Apache Parquet is a columnar storage file format available to any project in the Hadoop ecosystem. It’s designed for efficiency and performance, and it’s particularly well-suited for running complex queries on large datasets.

Parquet is an excellent choice when dealing with large, complex, and nested data structures, especially for read-heavy workloads or when you want to perform analytics using tools like Apache Spark or Apache Arrow. Its columnar storage approach makes it an excellent choice for data warehousing solutions where aggregation queries are common.

Parquet

Apache Parquet - Wikipedia

GitHub - apache/parquet-format: Apache Parquet Format


ORC is another popular file format in the Hadoop ecosystem. It’s a self-describing, type-aware columnar file format designed for Hadoop workloads.

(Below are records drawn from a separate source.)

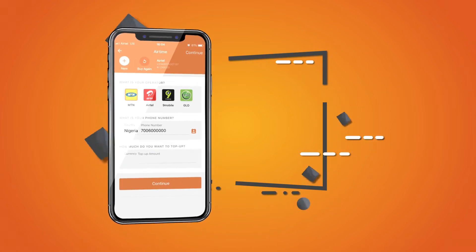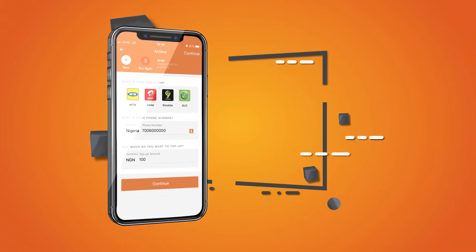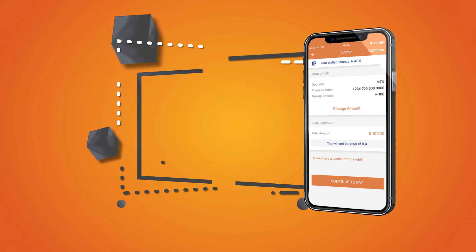Enter your phone number, then enter the top-up amount you want to pay. Review your order summary.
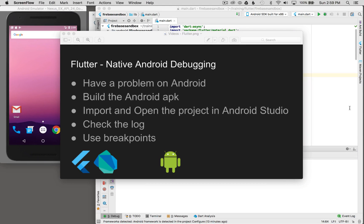In this episode I'm going to cover native Android debugging. So let's say you have a problem with running your Flutter application on Android. What I do first is start by building the Android APK, then import and open up the project in Android Studio. After that I'll run the project, check the log, and use breakpoints to help drill down the issue.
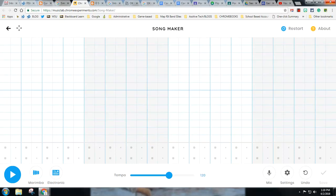This is Aaron Fisher, Technology Integration Facilitator for the East Bridgewater Public Schools, and this is an overview of the Chrome Lab Music Experiment, or Music Lab Chrome Experiment.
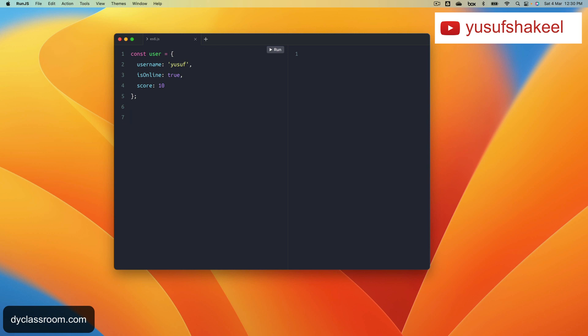Or we can take help of the for in statement. So our code is going to look something like the following: for const key in user.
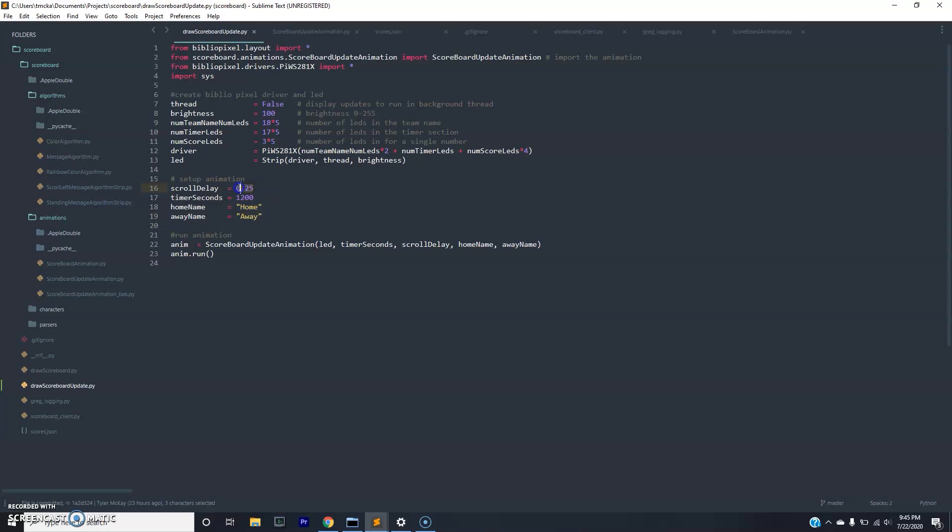Important things to note here: if you want to change the name of the home and away, you can change them here. And the amount of time on the board, I have 1200, which is about 20 minutes. And then we also have the delay, which is going to be how quickly the home and away names scroll across the screen.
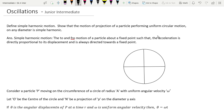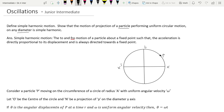Suppose a particle P is undergoing circular motion along the circumference of a circle. The projection of P on any diameter — whether the x x-dash diameter or the y y-dash diameter — is simple harmonic. That is what we have to show.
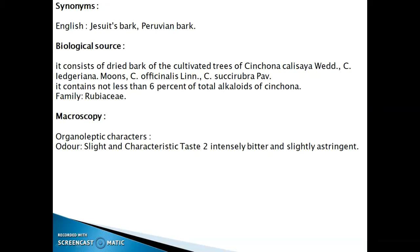Regarding organoleptic characters: the odor is slight and uncharacteristic, the taste is intensely bitter and slightly astringent.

ORC is commonly used in cases where high-speed writing is necessary, particularly with Hive-based frameworks. It also suits well when data modifications (updates and deletes) are needed in your use case because it supports ACID properties. Lastly, ORC is a good choice when using complex and nested data types.

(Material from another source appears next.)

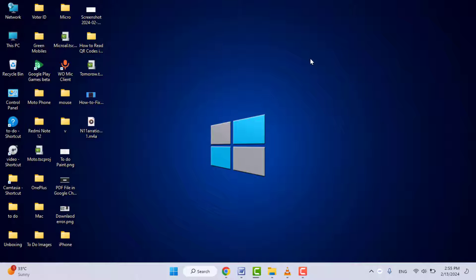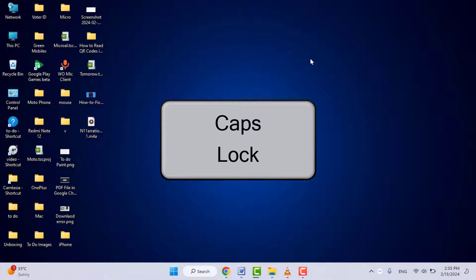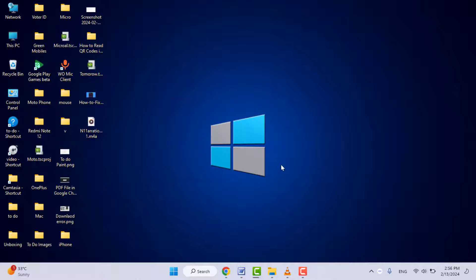Hello guys, how are you? Hope you all are doing well. Today I'm back with one of the most interesting videos. In this video tutorial, we will learn how to fix typing capital letters even when your keyboard caps lock button is turned off. This same problem and issue others are also facing, so finally I have got the easy and simple solution.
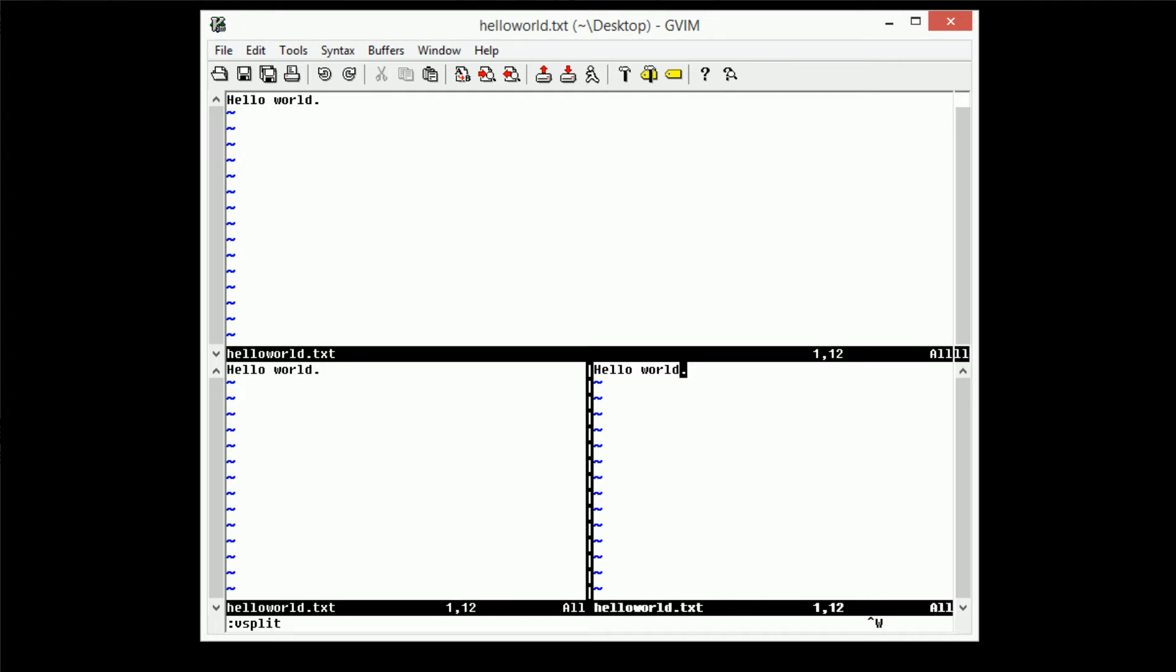And then we can go ahead and navigate to this window by using the Ctrl W and the H and L commands. So we can type in Ctrl W, L, Ctrl W, K, and then we're able to successfully navigate around these windows.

while Parquet is a columnar data format, for "row" level storage is is often used "Avro", that besides efficiently storing data in binary format also includes a data schema.

Apache Avro - Wikipedia

Avro is a row-oriented remote procedure call and data serialization framework developed within Apache's Hadoop project. It uses JSON for defining data types and protocols, and serializes data in a compact binary format. Its primary use is in Apache Hadoop, where it can provide both a serialization format for persistent data, and a wire format for communication between Hadoop nodes, and from client programs to the Hadoop services. Avro uses a schema to structure the data that is being encoded.


Avro relies on schemas. When Avro data is read, the schema used when writing it is always present. This permits each datum to be written with no per-value overheads, making serialization both fast and small. This also facilitates use with dynamic, scripting languages, since data, together with its schema, is fully self-describing.